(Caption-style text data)
--- START ---
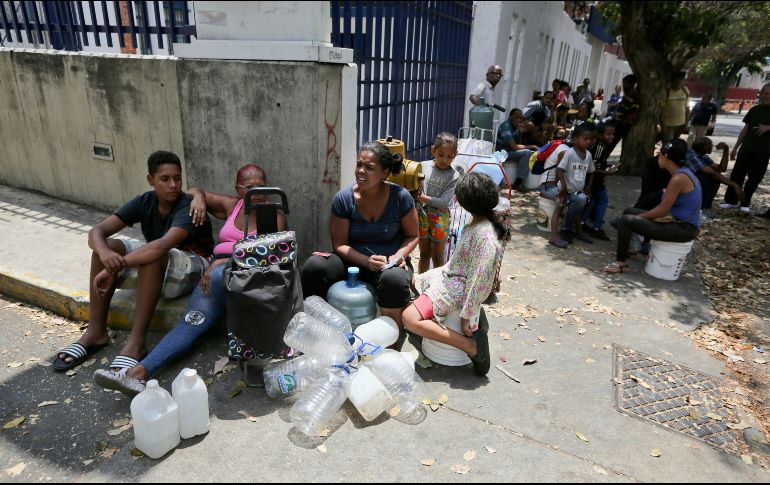 Los constantes apagones, así como los cortes de agua potable y las fallas en telecomunicaciones, han desatado violentas protestas y saqueos en el país. AP/F. Llano
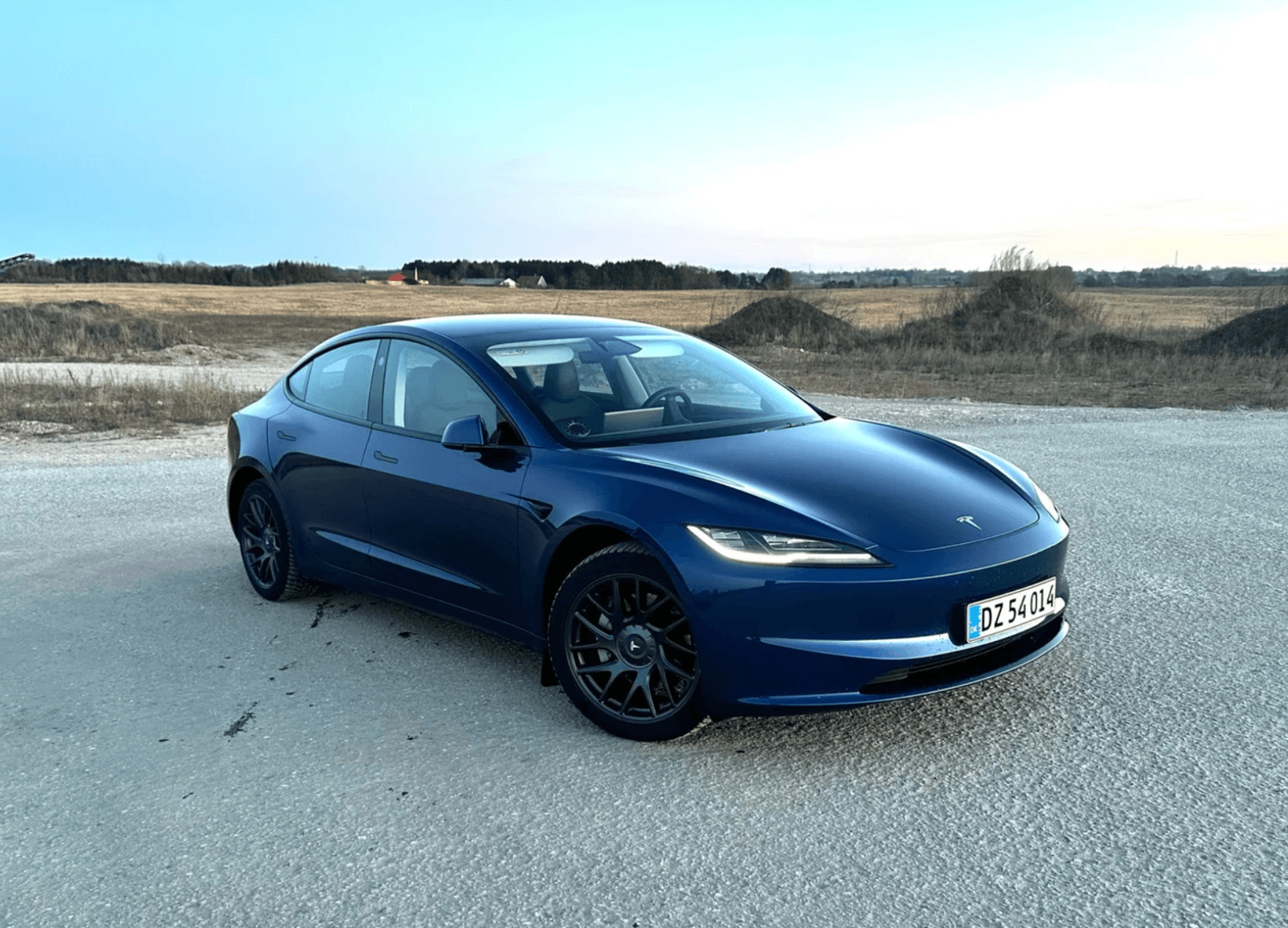 Tesla Model 3 Long Range AWD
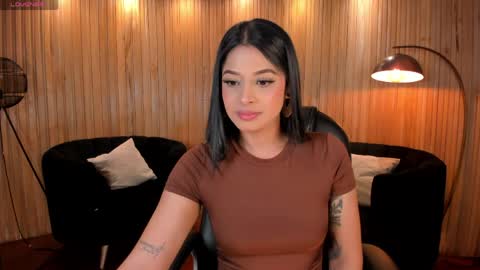 Snapshot of alyssadean_ chatting on May 25, 11:27 am Aly online show from May 25, 11:27 am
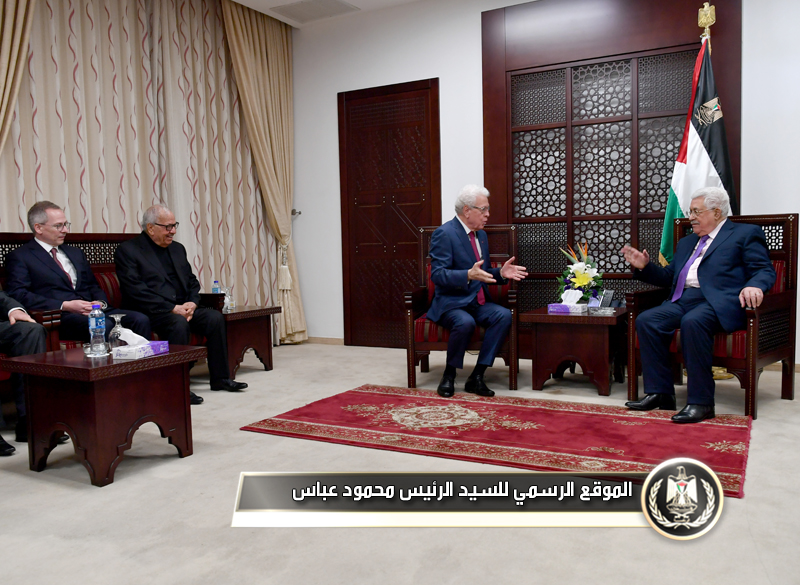 السيد الرئيس يستقبل وفداَ من رجال 
الاعمال الفلسطينيين 
المغتربين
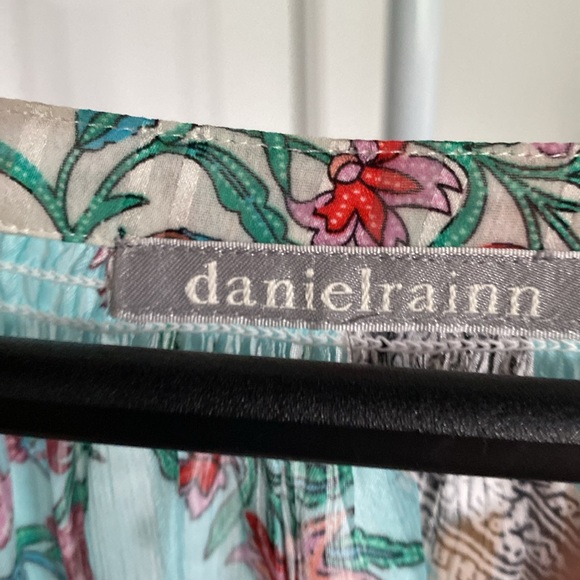 Daniel rainn beautiful blouse size xl - Picture 2 of 5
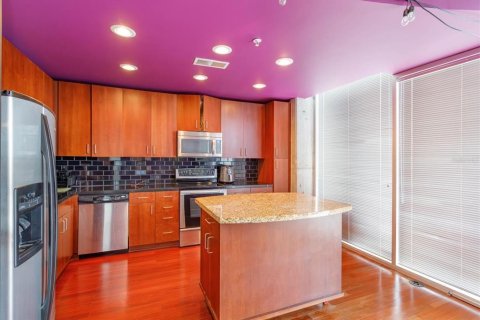 Condo in Orlando, Florida, 1 bedroom  № 1107170 - photo 6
--- END ---
**What this task involves:** Transcribe each record exactly as it appears, but omit every picture.

**Exercise solution:**
 Los constantes apagones, así como los cortes de agua potable y las fallas en telecomunicaciones, han desatado violentas protestas y saqueos en el país. AP/F. Llano
 Tesla Model 3 Long Range AWD
 Snapshot of alyssadean_ chatting on May 25, 11:27 am Aly online show from May 25, 11:27 am
 السيد الرئيس يستقبل وفداَ من رجال 
الاعمال الفلسطينيين 
المغتربين
 Daniel rainn beautiful blouse size xl - Picture 2 of 5
 Condo in Orlando, Florida, 1 bedroom  № 1107170 - photo 6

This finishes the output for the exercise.